**WHAT TO DO**
Begin at the line that has "Navy - Back", stop after the line that has "Yellow Sapphire (Premium AAA)", and print exactly those lines from the records below, without any pictures.

───── LISTED RECORDS ─────

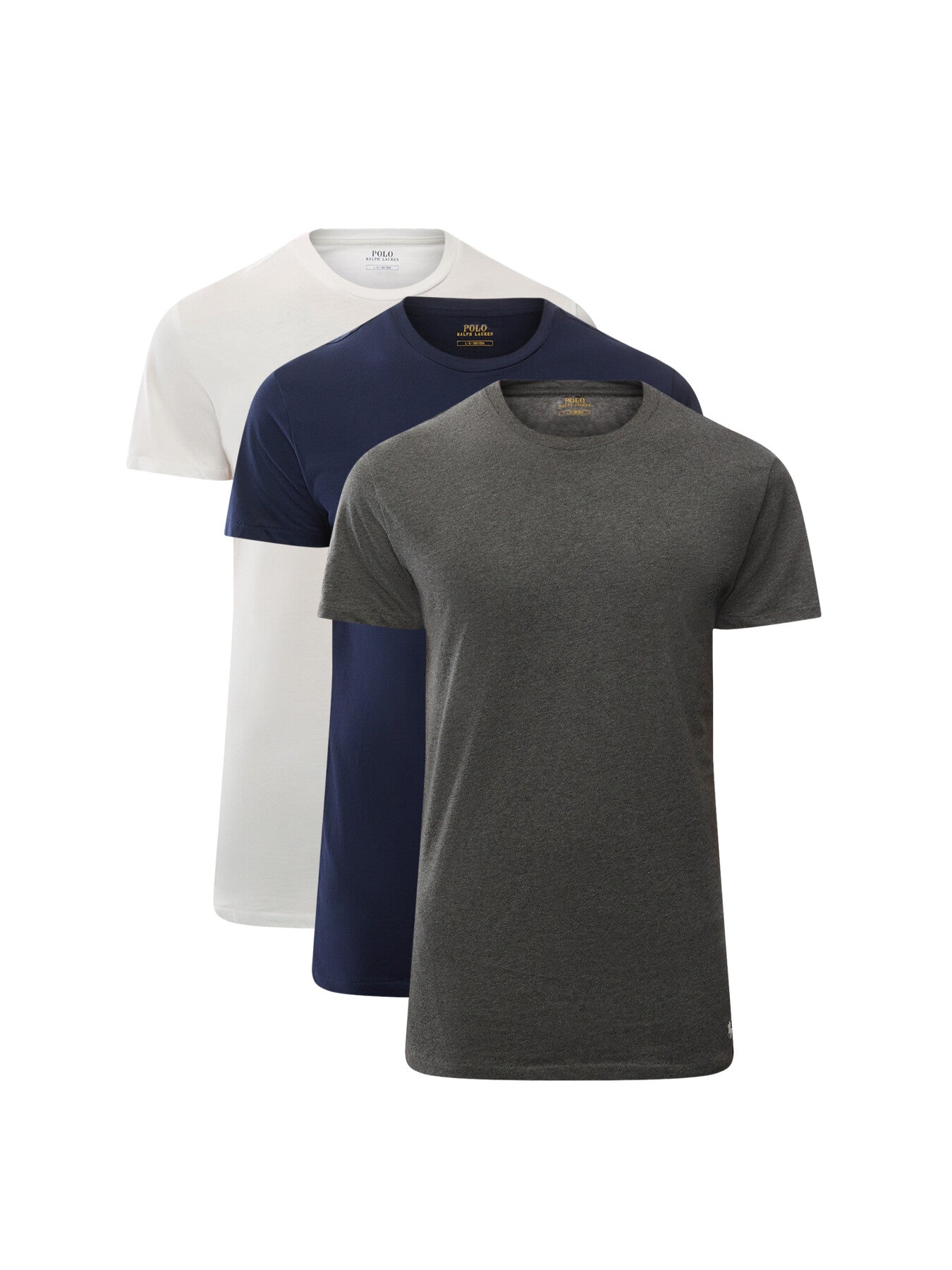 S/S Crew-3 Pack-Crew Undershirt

─────
───── LISTED RECORDS ─────

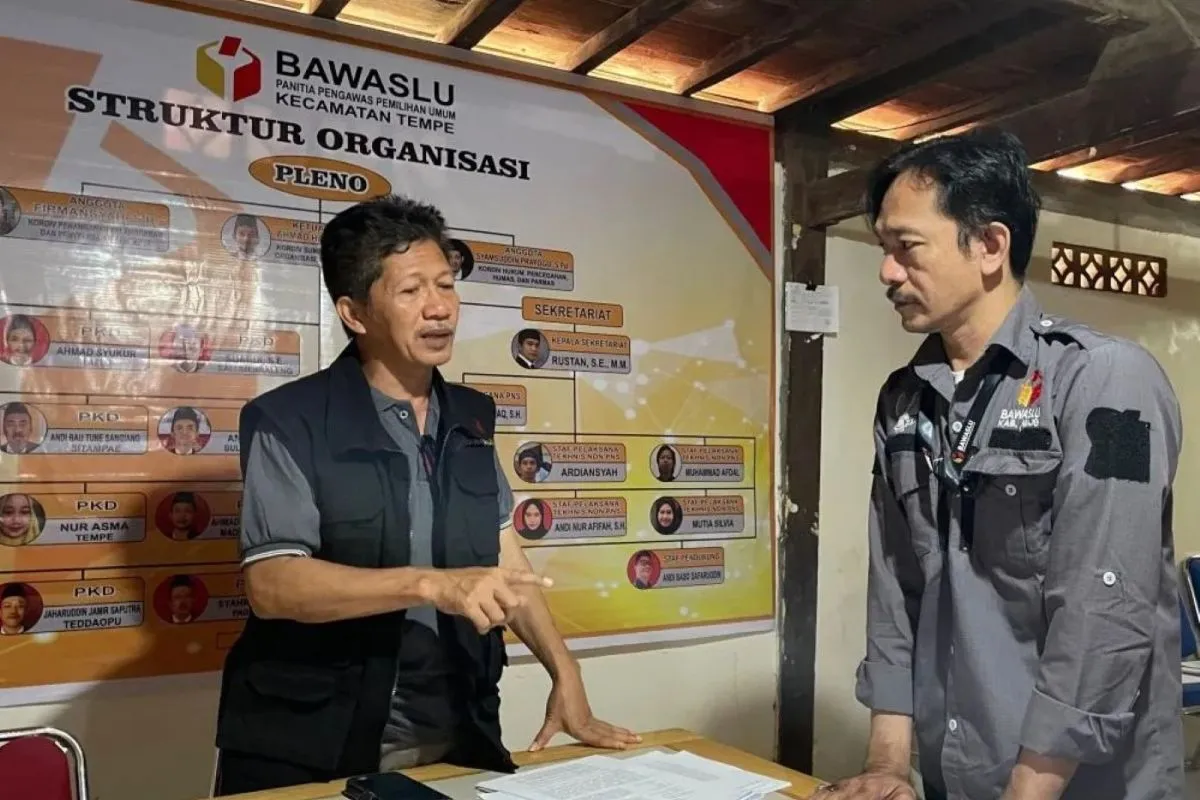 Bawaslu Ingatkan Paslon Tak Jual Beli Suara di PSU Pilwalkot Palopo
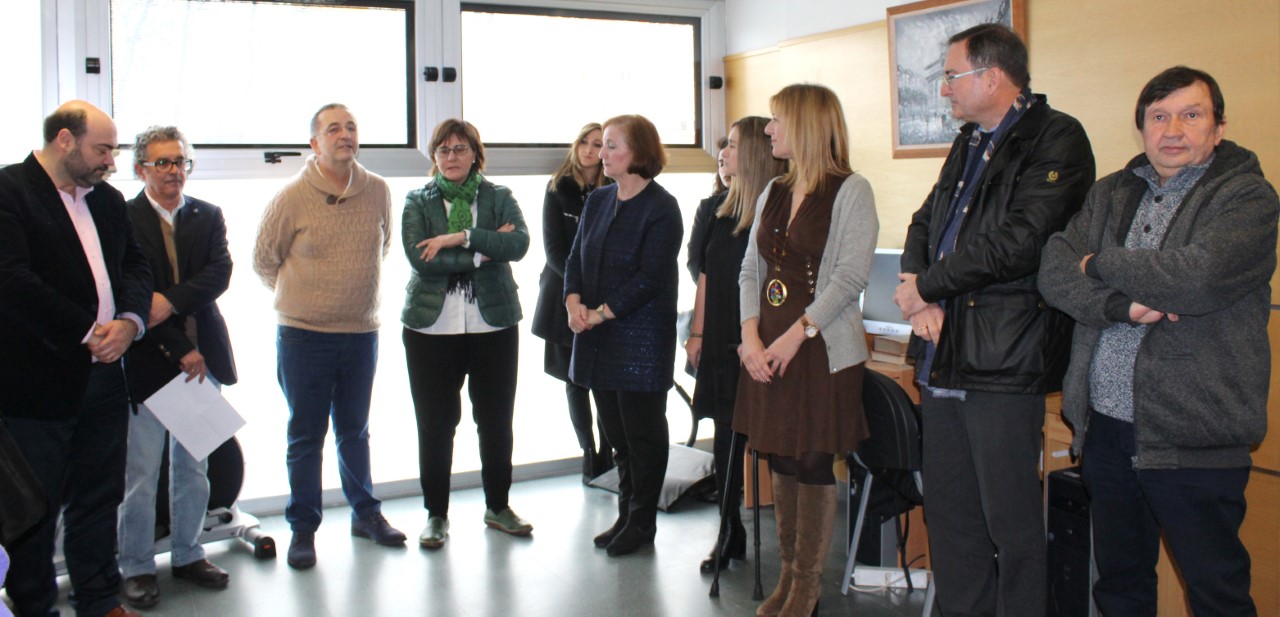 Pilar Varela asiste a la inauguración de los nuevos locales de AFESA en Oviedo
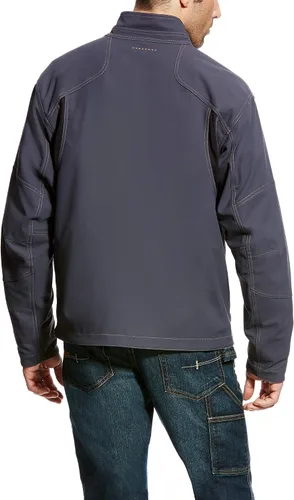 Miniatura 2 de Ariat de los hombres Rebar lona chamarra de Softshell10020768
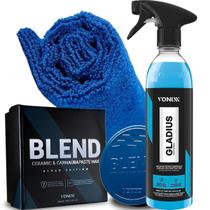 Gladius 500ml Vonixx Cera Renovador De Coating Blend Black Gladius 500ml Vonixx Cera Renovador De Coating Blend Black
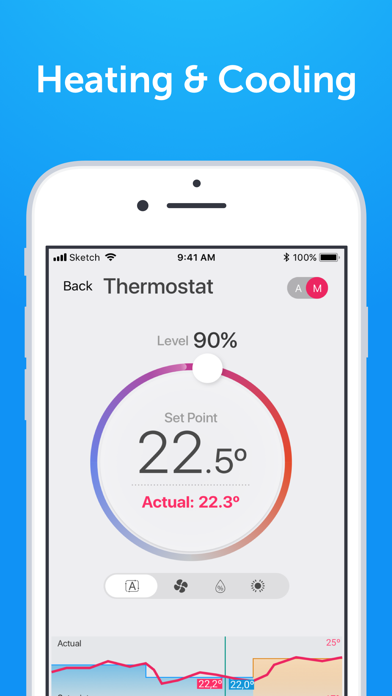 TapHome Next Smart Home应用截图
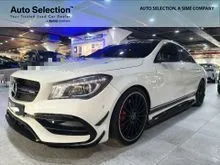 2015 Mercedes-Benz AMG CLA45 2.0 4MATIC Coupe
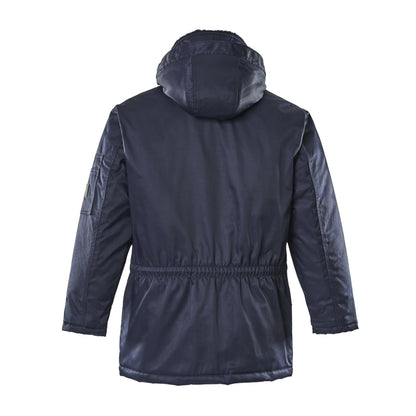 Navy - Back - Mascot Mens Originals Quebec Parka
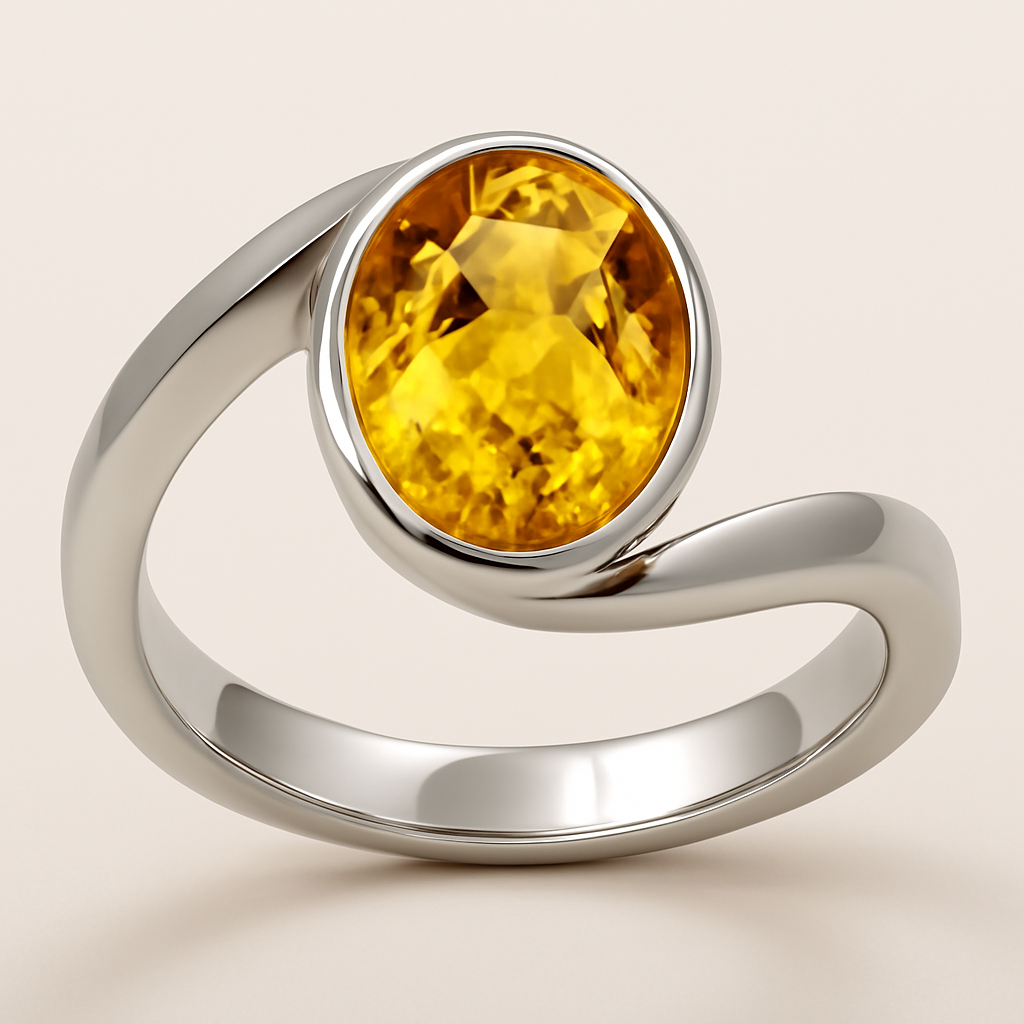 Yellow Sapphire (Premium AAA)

─────

**RESULT OF THIS TASK**
 Navy - Back - Mascot Mens Originals Quebec Parka
 Yellow Sapphire (Premium AAA)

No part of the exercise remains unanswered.